THE SONIC BOOMER
A lot happened last week. To begin with, it was my parents’ 69th wedding anniversary and one of the rare times that all of us decades-old “kids” were in Wisconsin at the same time.
While we’ve all grown up to be very different from each other, the past remains the past, and we enjoy reliving it in all its hilarity. This hilarity has been embellished over the years, I’m sure, and some of the facts have become debatable, but the debates are now part of the fun.
For instance, in regard to my dad’s career rival, my brother says, “I didn’t realize his first name didn’t begin with ‘F’ until I was 21!” Not that dad habitually used bad language — far from it. And never in front of “the ladies.” But some people just rub you the wrong way, day in and day out, and you end up swearing.
Personally, I think my two brothers, one sister and I were very different from each other from the get-go. There’s a lot to be celebrated there, but how my parents kept all four of those distinct personalities in line within the walls of our 800-square-foot home is beyond me. I do remember lots of clear-cut rules, strong suggestions and “helpful hints” that maneuvered us through Wisconsin’s 10-month winters, where we all needed to spend most of our time indoors.

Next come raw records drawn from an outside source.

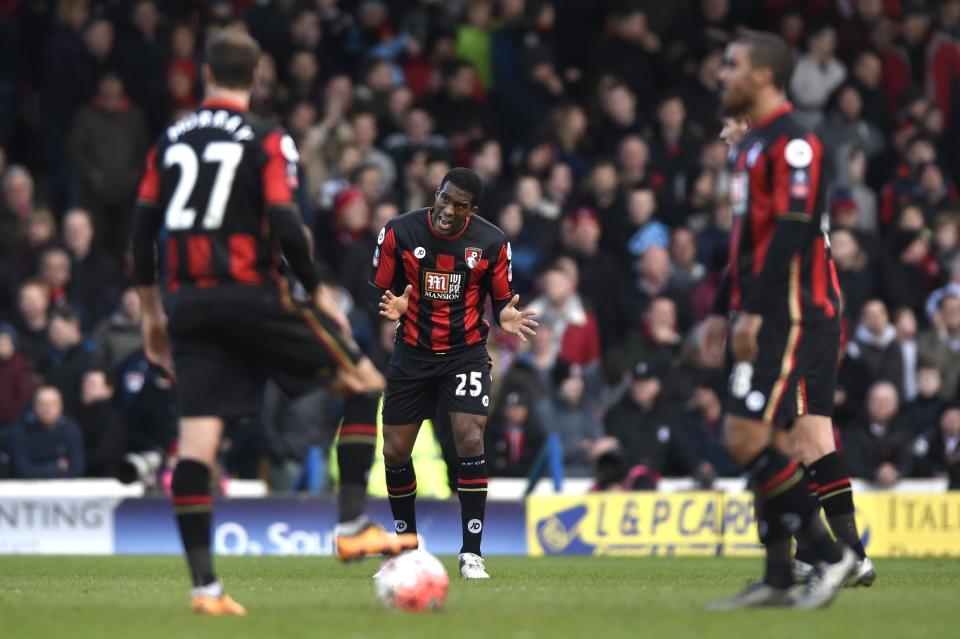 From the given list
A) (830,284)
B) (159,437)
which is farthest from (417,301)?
(159,437)

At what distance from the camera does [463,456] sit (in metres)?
11.1

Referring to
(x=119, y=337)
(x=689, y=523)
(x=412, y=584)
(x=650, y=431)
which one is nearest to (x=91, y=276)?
(x=119, y=337)

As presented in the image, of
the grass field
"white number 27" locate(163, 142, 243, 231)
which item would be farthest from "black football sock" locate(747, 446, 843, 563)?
"white number 27" locate(163, 142, 243, 231)

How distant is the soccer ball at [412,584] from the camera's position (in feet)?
26.2

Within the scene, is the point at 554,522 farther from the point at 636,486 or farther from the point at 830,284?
the point at 830,284

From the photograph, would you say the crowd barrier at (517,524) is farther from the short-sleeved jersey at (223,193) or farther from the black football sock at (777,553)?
the short-sleeved jersey at (223,193)

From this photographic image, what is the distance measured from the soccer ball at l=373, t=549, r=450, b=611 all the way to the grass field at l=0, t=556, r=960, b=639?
12 cm

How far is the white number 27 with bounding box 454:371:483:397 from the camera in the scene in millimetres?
11016

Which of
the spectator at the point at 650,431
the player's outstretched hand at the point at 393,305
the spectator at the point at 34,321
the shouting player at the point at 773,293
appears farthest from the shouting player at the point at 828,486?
the spectator at the point at 34,321

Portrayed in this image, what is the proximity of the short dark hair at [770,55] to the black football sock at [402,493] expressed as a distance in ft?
13.0

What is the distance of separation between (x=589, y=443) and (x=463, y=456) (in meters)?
6.33

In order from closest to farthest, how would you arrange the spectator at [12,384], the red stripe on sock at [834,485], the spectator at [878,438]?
1. the red stripe on sock at [834,485]
2. the spectator at [12,384]
3. the spectator at [878,438]

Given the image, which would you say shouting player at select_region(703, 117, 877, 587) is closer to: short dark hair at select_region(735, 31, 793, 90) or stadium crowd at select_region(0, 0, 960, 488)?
short dark hair at select_region(735, 31, 793, 90)

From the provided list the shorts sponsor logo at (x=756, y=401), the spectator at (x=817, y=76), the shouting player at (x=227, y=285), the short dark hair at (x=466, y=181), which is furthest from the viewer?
the spectator at (x=817, y=76) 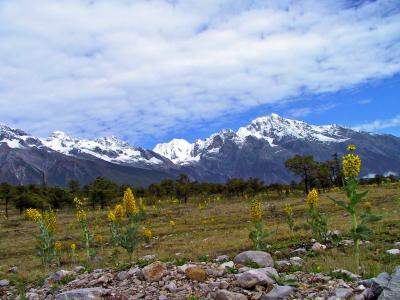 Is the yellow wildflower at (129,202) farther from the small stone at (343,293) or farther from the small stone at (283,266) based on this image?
the small stone at (343,293)

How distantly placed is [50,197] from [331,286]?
95.7 metres

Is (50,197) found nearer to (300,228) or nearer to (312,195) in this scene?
(300,228)

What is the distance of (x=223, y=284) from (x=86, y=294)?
11.1 feet

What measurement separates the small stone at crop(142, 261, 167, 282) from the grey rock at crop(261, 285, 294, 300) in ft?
11.5

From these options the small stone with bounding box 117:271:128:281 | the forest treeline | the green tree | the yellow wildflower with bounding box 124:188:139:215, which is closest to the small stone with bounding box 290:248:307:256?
the yellow wildflower with bounding box 124:188:139:215

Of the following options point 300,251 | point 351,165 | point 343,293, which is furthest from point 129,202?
point 343,293

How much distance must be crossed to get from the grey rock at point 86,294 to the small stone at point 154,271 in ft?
4.12

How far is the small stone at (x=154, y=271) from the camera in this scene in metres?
12.6

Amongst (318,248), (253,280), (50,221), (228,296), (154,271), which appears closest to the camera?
(228,296)

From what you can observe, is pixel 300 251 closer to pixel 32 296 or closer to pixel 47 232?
pixel 32 296

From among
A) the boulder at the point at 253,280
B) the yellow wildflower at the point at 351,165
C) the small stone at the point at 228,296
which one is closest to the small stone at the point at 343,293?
the boulder at the point at 253,280

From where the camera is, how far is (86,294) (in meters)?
11.4

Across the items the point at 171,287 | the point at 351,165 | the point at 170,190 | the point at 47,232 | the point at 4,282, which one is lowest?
the point at 4,282

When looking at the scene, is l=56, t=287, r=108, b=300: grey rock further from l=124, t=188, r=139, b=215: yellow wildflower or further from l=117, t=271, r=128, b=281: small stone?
l=124, t=188, r=139, b=215: yellow wildflower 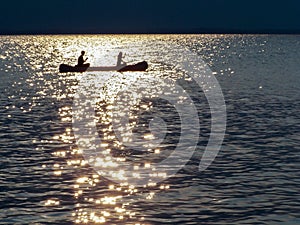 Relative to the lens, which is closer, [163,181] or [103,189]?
[103,189]

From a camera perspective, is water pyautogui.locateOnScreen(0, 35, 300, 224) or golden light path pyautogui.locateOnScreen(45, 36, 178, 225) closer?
golden light path pyautogui.locateOnScreen(45, 36, 178, 225)

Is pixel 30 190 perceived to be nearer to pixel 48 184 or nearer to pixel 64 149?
pixel 48 184

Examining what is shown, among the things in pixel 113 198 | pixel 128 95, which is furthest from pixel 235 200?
pixel 128 95

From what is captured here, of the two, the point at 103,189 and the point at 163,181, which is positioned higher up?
the point at 163,181

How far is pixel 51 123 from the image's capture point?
4947cm

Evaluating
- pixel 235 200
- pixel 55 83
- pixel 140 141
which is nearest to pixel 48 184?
pixel 235 200

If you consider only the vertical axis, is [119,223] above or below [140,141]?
below

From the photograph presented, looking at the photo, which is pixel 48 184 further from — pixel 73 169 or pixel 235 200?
pixel 235 200

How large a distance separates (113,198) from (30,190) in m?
4.21

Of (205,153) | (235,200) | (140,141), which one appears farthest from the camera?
(140,141)

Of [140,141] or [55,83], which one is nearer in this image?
[140,141]

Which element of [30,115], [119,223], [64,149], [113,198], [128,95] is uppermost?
[128,95]

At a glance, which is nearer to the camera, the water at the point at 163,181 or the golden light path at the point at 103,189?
the golden light path at the point at 103,189

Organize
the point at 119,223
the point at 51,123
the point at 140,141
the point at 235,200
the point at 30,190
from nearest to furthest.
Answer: the point at 119,223 → the point at 235,200 → the point at 30,190 → the point at 140,141 → the point at 51,123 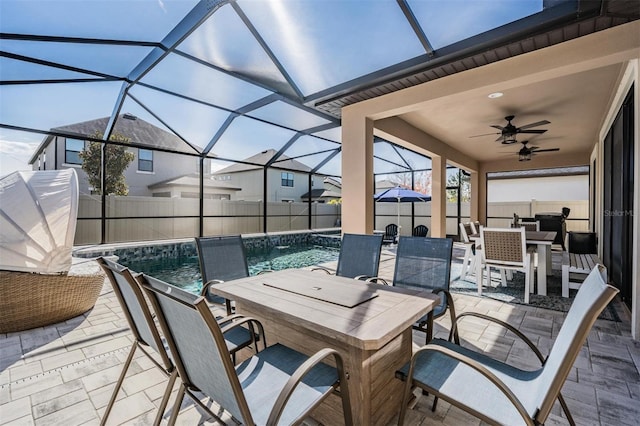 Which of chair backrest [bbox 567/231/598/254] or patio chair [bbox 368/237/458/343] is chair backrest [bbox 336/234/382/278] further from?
chair backrest [bbox 567/231/598/254]

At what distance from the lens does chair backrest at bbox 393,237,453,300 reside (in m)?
2.65

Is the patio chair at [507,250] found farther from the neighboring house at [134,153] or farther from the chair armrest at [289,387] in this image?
the neighboring house at [134,153]

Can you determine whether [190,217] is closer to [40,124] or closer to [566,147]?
[40,124]

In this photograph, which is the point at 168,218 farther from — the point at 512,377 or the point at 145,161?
the point at 512,377

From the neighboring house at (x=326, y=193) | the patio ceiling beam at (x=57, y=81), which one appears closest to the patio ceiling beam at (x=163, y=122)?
the patio ceiling beam at (x=57, y=81)

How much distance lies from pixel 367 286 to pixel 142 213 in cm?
825

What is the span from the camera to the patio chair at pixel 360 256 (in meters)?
3.13

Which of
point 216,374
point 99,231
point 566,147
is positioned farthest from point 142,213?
point 566,147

At any rate, my parents are 90 years old now, so any visit now brings us into contact with lots of fairly old people, and old people are funny. I commented to one of them that she looked quite smart dressed all in purple as she was.
“Even your sneakers are purple!” I exclaimed.
“Well, purple is the Alzheimer’s color and today is Alzheimer’s Awareness Day,” she replied, then added, “At least I think it’s today.”
Incidentally, she was right about the day — June 21 in the United States. But Sept. 21 is World Alzheimer’s Day. Way to confuse the old people, Alzheimer’s organizers!
The Wisconsin trip had its fair share of drama, too, as we were moving mom into an apartment where she could be closer to dad, who is in rehab, recovering from an infection for which he needs extremely strong medication.
Unfortunately, the medicine gives him hallucinations that convince him he’s fine and doesn’t need to use a walker. Next thing we know, they are calling us saying he is on the floor.
So mom has had quite a week what with visiting dad every day, sorting through everything she owns so she can downsize, and not being able to find the aspirin. (Not that she needed aspirin — that was for me.) Getting old is not for the faint of heart.
But, as always, mom and dad stand as beacons of responsibility and good examples for their children. 1) Get your paperwork in order. 2) Save up for long-term care. 3) Maintain your sense of humor.